### Saved data entries
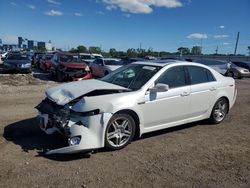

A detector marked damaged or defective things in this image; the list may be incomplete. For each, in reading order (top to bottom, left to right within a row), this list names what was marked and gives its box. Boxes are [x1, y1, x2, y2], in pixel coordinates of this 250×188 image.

crumpled hood [45, 79, 128, 106]
damaged front end [35, 97, 112, 154]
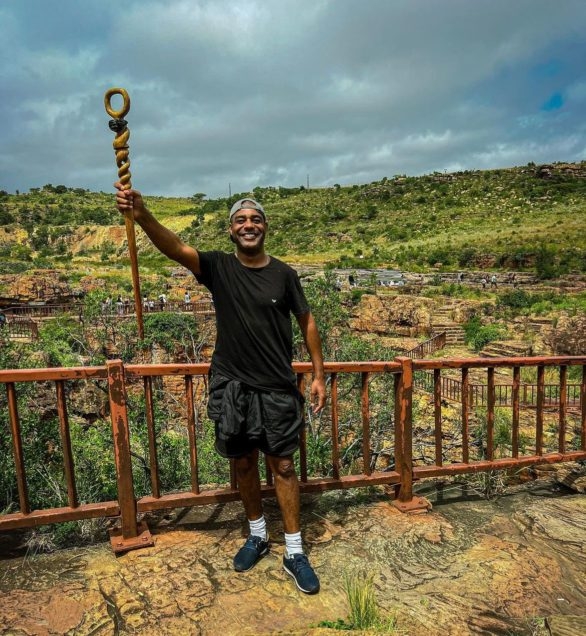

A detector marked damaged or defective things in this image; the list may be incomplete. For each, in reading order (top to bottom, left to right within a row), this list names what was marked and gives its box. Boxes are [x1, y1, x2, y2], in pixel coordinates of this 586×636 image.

rusty metal railing [1, 356, 584, 548]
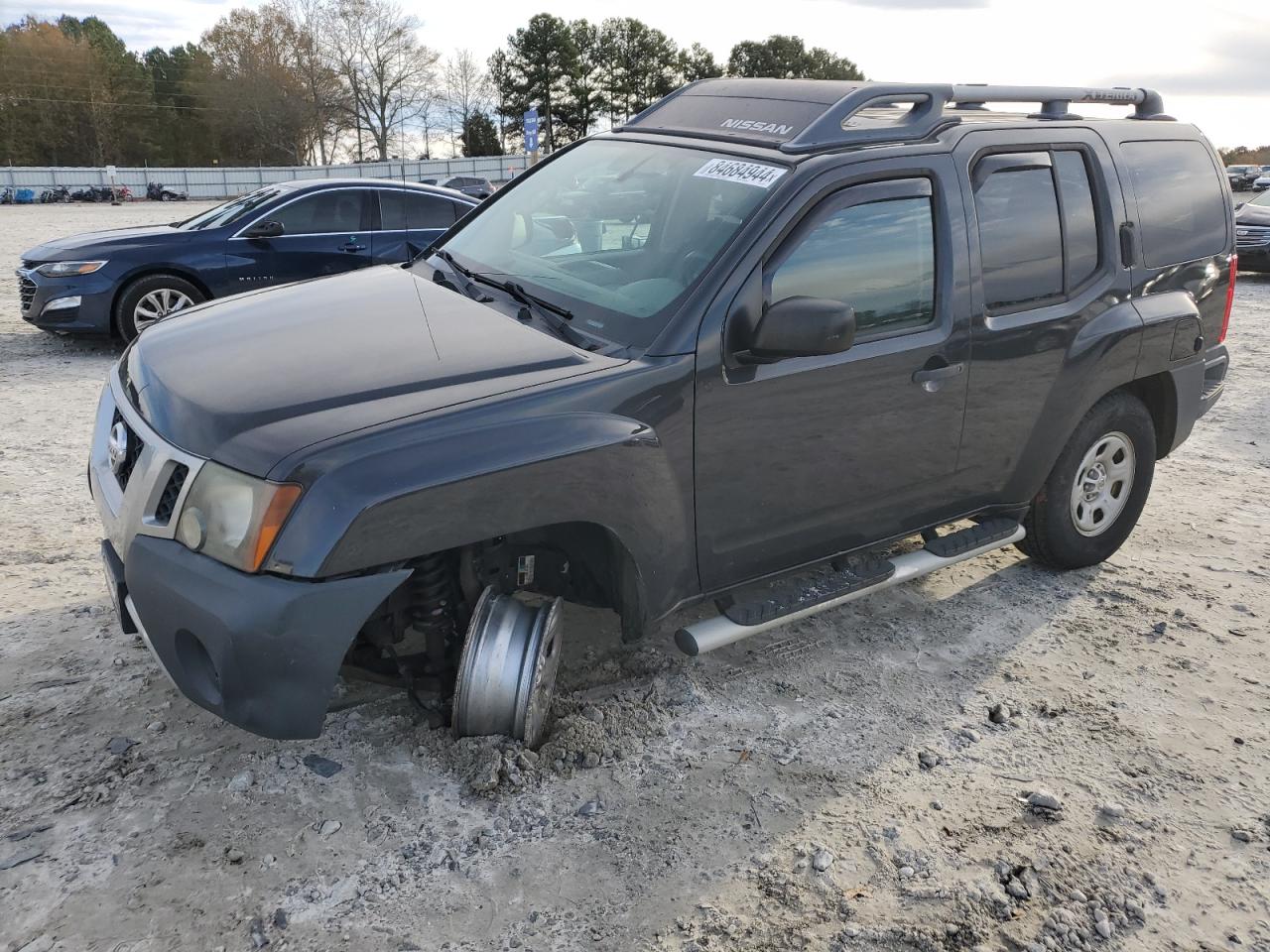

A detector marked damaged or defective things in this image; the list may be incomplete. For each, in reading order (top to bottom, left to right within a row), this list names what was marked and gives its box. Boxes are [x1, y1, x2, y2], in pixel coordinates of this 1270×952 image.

detached front wheel [1016, 391, 1159, 567]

### Action item
Give back, unchanged, every line from the one with "this 1270×952 image." to the end of the entries above.

### Response for this exercise
A detector marked damaged or defective things in this image; the list may be incomplete. For each, in reading order (top to bottom, left to right within a row), this list names what was marked and gives its box. Boxes are [x1, y1, x2, y2], in pixel coordinates of this 1270×952 image.

detached front wheel [1016, 391, 1159, 567]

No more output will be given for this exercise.